→ Exercise objective: Exactly as written, print each of the entries.

Web page caption snippets:

= Beginning of Section =

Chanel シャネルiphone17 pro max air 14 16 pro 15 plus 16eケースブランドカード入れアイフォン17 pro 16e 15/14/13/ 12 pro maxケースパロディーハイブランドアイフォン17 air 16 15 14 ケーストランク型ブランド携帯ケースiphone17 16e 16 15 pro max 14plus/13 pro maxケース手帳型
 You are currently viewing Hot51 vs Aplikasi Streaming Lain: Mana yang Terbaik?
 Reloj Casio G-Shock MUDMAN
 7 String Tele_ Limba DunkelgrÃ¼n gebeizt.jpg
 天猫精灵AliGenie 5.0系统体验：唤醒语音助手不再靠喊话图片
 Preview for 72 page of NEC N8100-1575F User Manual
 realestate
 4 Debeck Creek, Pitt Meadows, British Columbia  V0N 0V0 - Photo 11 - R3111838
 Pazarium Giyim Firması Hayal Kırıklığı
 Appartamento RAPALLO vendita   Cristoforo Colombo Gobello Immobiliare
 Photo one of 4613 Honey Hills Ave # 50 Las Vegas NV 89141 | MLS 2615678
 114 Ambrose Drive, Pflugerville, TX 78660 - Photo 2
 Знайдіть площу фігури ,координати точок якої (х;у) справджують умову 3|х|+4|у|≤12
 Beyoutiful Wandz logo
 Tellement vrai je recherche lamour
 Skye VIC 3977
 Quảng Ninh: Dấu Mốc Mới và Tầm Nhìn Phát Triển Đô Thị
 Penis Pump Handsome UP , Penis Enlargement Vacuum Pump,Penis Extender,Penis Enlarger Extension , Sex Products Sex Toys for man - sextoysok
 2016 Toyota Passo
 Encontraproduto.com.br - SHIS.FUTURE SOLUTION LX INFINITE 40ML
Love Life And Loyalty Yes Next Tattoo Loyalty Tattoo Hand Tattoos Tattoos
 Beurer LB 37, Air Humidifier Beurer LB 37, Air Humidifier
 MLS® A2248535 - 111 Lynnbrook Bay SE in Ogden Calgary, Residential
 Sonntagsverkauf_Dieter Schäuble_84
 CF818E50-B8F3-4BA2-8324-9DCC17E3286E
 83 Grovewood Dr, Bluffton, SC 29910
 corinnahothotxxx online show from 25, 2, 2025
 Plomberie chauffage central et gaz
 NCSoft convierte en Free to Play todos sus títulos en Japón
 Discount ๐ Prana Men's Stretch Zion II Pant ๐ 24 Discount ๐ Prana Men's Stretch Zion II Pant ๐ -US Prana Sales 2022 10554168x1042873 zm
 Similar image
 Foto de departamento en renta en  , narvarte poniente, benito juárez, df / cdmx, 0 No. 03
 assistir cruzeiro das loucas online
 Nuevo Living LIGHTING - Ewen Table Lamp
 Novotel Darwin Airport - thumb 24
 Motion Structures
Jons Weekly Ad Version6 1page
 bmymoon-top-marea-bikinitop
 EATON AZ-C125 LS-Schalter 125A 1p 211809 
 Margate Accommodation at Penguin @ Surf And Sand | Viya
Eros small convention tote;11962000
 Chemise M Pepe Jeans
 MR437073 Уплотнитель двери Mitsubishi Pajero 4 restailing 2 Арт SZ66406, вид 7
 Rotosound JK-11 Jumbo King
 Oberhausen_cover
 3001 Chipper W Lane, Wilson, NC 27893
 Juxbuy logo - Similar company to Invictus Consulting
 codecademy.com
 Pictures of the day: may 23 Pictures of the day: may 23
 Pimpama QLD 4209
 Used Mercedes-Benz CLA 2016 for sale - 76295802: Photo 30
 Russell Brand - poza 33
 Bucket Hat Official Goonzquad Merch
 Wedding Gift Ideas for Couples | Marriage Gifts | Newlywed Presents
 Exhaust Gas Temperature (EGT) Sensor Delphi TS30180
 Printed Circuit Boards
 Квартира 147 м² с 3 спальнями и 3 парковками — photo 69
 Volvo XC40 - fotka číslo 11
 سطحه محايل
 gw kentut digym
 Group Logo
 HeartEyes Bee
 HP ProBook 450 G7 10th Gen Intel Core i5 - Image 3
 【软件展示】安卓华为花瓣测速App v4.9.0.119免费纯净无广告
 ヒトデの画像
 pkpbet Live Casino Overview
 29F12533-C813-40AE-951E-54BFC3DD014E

= End of Section =

→ Answer section:
Chanel シャネルiphone17 pro max air 14 16 pro 15 plus 16eケースブランドカード入れアイフォン17 pro 16e 15/14/13/ 12 pro maxケースパロディーハイブランドアイフォン17 air 16 15 14 ケーストランク型ブランド携帯ケースiphone17 16e 16 15 pro max 14plus/13 pro maxケース手帳型
 You are currently viewing Hot51 vs Aplikasi Streaming Lain: Mana yang Terbaik?
 Reloj Casio G-Shock MUDMAN
 7 String Tele_ Limba DunkelgrÃ¼n gebeizt.jpg
 天猫精灵AliGenie 5.0系统体验：唤醒语音助手不再靠喊话图片
 Preview for 72 page of NEC N8100-1575F User Manual
 realestate
 4 Debeck Creek, Pitt Meadows, British Columbia  V0N 0V0 - Photo 11 - R3111838
 Pazarium Giyim Firması Hayal Kırıklığı
 Appartamento RAPALLO vendita   Cristoforo Colombo Gobello Immobiliare
 Photo one of 4613 Honey Hills Ave # 50 Las Vegas NV 89141 | MLS 2615678
 114 Ambrose Drive, Pflugerville, TX 78660 - Photo 2
 Знайдіть площу фігури ,координати точок якої (х;у) справджують умову 3|х|+4|у|≤12
 Beyoutiful Wandz logo
 Tellement vrai je recherche lamour
 Skye VIC 3977
 Quảng Ninh: Dấu Mốc Mới và Tầm Nhìn Phát Triển Đô Thị
 Penis Pump Handsome UP , Penis Enlargement Vacuum Pump,Penis Extender,Penis Enlarger Extension , Sex Products Sex Toys for man - sextoysok
 2016 Toyota Passo
 Encontraproduto.com.br - SHIS.FUTURE SOLUTION LX INFINITE 40ML
Love Life And Loyalty Yes Next Tattoo Loyalty Tattoo Hand Tattoos Tattoos
 Beurer LB 37, Air Humidifier Beurer LB 37, Air Humidifier
 MLS® A2248535 - 111 Lynnbrook Bay SE in Ogden Calgary, Residential
 Sonntagsverkauf_Dieter Schäuble_84
 CF818E50-B8F3-4BA2-8324-9DCC17E3286E
 83 Grovewood Dr, Bluffton, SC 29910
 corinnahothotxxx online show from 25, 2, 2025
 Plomberie chauffage central et gaz
 NCSoft convierte en Free to Play todos sus títulos en Japón
 Discount ๐ Prana Men's Stretch Zion II Pant ๐ 24 Discount ๐ Prana Men's Stretch Zion II Pant ๐ -US Prana Sales 2022 10554168x1042873 zm
 Similar image
 Foto de departamento en renta en  , narvarte poniente, benito juárez, df / cdmx, 0 No. 03
 assistir cruzeiro das loucas online
 Nuevo Living LIGHTING - Ewen Table Lamp
 Novotel Darwin Airport - thumb 24
 Motion Structures
Jons Weekly Ad Version6 1page
 bmymoon-top-marea-bikinitop
 EATON AZ-C125 LS-Schalter 125A 1p 211809 
 Margate Accommodation at Penguin @ Surf And Sand | Viya
Eros small convention tote;11962000
 Chemise M Pepe Jeans
 MR437073 Уплотнитель двери Mitsubishi Pajero 4 restailing 2 Арт SZ66406, вид 7
 Rotosound JK-11 Jumbo King
 Oberhausen_cover
 3001 Chipper W Lane, Wilson, NC 27893
 Juxbuy logo - Similar company to Invictus Consulting
 codecademy.com
 Pictures of the day: may 23 Pictures of the day: may 23
 Pimpama QLD 4209
 Used Mercedes-Benz CLA 2016 for sale - 76295802: Photo 30
 Russell Brand - poza 33
 Bucket Hat Official Goonzquad Merch
 Wedding Gift Ideas for Couples | Marriage Gifts | Newlywed Presents
 Exhaust Gas Temperature (EGT) Sensor Delphi TS30180
 Printed Circuit Boards
 Квартира 147 м² с 3 спальнями и 3 парковками — photo 69
 Volvo XC40 - fotka číslo 11
 سطحه محايل
 gw kentut digym
 Group Logo
 HeartEyes Bee
 HP ProBook 450 G7 10th Gen Intel Core i5 - Image 3
 【软件展示】安卓华为花瓣测速App v4.9.0.119免费纯净无广告
 ヒトデの画像
 pkpbet Live Casino Overview
 29F12533-C813-40AE-951E-54BFC3DD014E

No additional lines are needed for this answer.